Никколо с отцом и капитан Пьетро шли впереди, а за ними, опустив голову, уныло шагал дон Винченцо. Он был уверен, что юноша, которого оставили в каюте, ни в чем не виноват. Но что поделаешь, если люди вроде синьора Марио хотят свалить вину на другого. Да простит им бог. А что будет с Бошко? Кто станет заботиться о тех, у кого нет фамильных гербов и знатных предков?
«Выкладывай деньги, синьор»
Уже светало. Коляска медленно двигалась к Моло-ди-Бари. Никколо сидел рядом с возницей. Синьор Марио и дон Винченцо дремали, и головы их клонились набок, когда коляска подпрыгивала на неровной дороге. Ехали уже целый час, а никто из путников не произнес ни слова. Один кучер напевал какую-то песенку, бросая временами взгляд на молодого господина — очень ему хотелось знать, слушает ли он его и нравится ли ему песня. Но Никколо было не до песни. Он думал о постигшей его неудаче. Одна мысль о том, что он возвращается домой и скоро пойдет учиться на священника, была для него нестерпима. Но еще больше он терзался угрызениями совести из-за Бошко. И Никколо решил, во что бы то ни стало убежать.

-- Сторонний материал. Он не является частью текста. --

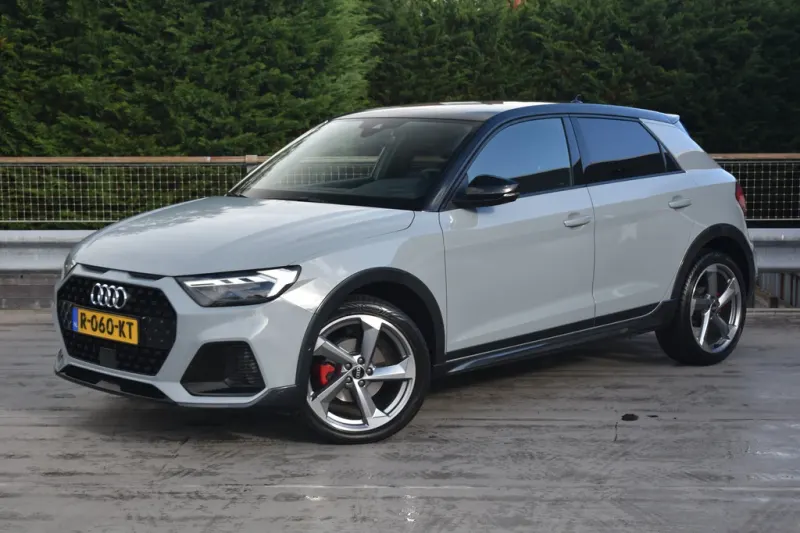 Audi A1 Citycarver (2022)
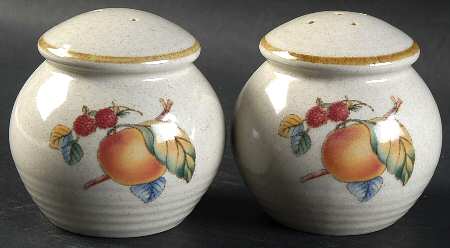 Sugar 'N Spice Salt & Pepper Set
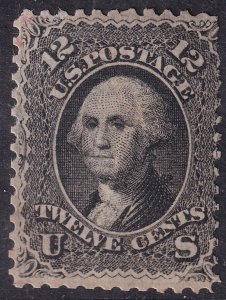 #69 Mint NG, Fine, Few short perfs (CV $675 - ID44039) - Joseph Luft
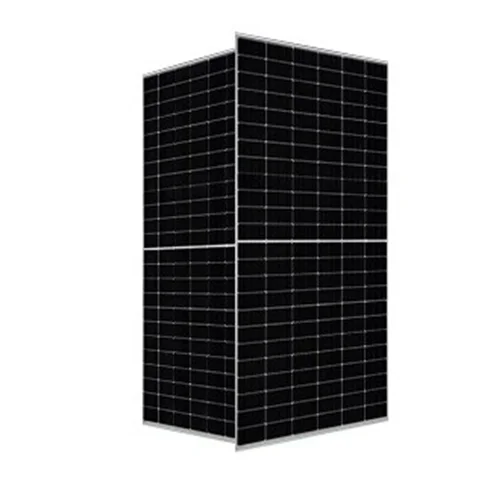 پنل خورشیدی 550 وات مونوکریستال Half Cell Perc برند JA Solar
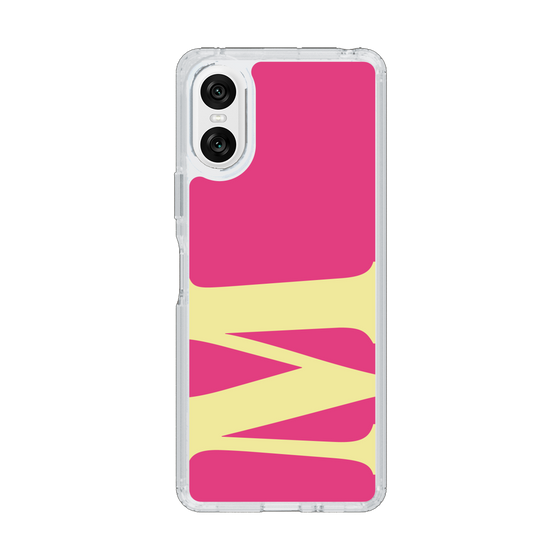 Slim Protection Case［ Original - initial color - M pink ］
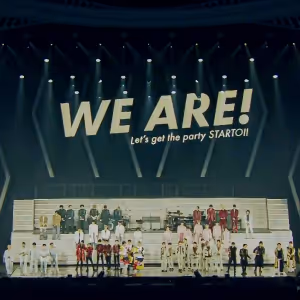 FEATURE : WE ARE! LET'S GET THE PARTY STARTO!! - 74 IDOLS GATHERED in Kyocera Dome…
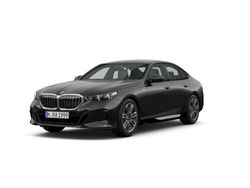 Szary sophisto z brylantowym połyskiem metalizowany Używany 2024 BMW 520 Comfort Edition Sedan/Limuzyna | 234 900 zł (Super Cena)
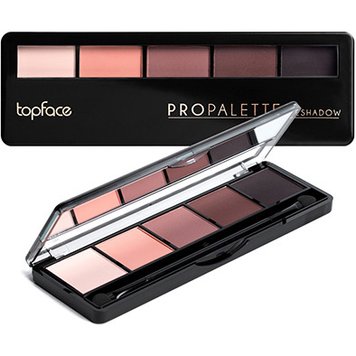 Палітра тіней для повік Topface Pro Palette PT501 - №15 PT501-015 фото від MYRIAM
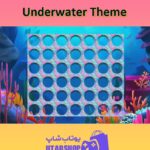 تم-Underwater Theme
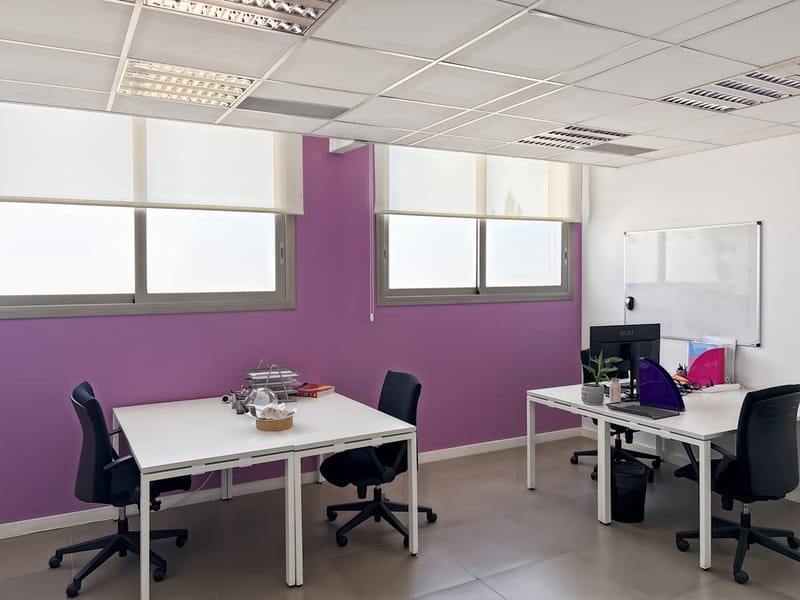 Regus - Ubicación, Gremi de Sabaters 21, 07009 - Palma de Mallorca image 7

Кучер умолк, едва дорога пошла в гору. Он тоже клевал носом, голова его покачивалась взад-вперед. За те долгие годы, что он возил хозяина в Бари, он привык так спать. Конечно, о том, что произошло в Бари, кучер и ведать не ведал. Ведь у господ не принято обсуждать семейные дела при слугах. Убаюканный ржаньем лошадей, скрипом колес, стуком копыт о камни, он еще больше ослабил вожжи и наконец предался сладкой дреме.
Заметив, что кучер заснул, Никколо решил воспользоваться столь благоприятной минутой для побега. Под подкладкой камзола у него оставалась еще изрядная сумма денег. На два-три месяца хватит. Деньги эти он долго копил, хотя и не подозревал, что они ему пригодятся так скоро. Это была мелочь, которую родители давали ему на воскресные богослужения — опускать в церковную кружку у входа в храм. Прежде, будучи ребенком, он исправно опускал эти деньги в кружку или бросал в кожаный кошель клирика,[4] привязанный к длинному шесту. Клирик протягивал его сидящим на скамьях верующим. Ничего не скажешь, ловко придумано: как не опустить монету в кошель, который болтается перед тобой на шесте, едва не касаясь твоего носа. И за время богослужения клирик два-три раза обходил скамьи. Если кто-то по рассеянности не бросил деньги, в другой раз непременно бросит. Попробуй не положи в кошель монету-другую, когда на тебя смотрит столько глаз.
Никколо еще мальчиком часто помогал священнику совершать разные церковные обряды. Ему и в голову не приходило присвоить эти деньги, он боялся кары божьей. Так его учили и родители, и священник. Но однажды его вера в святое назначение этих денег поколебалась.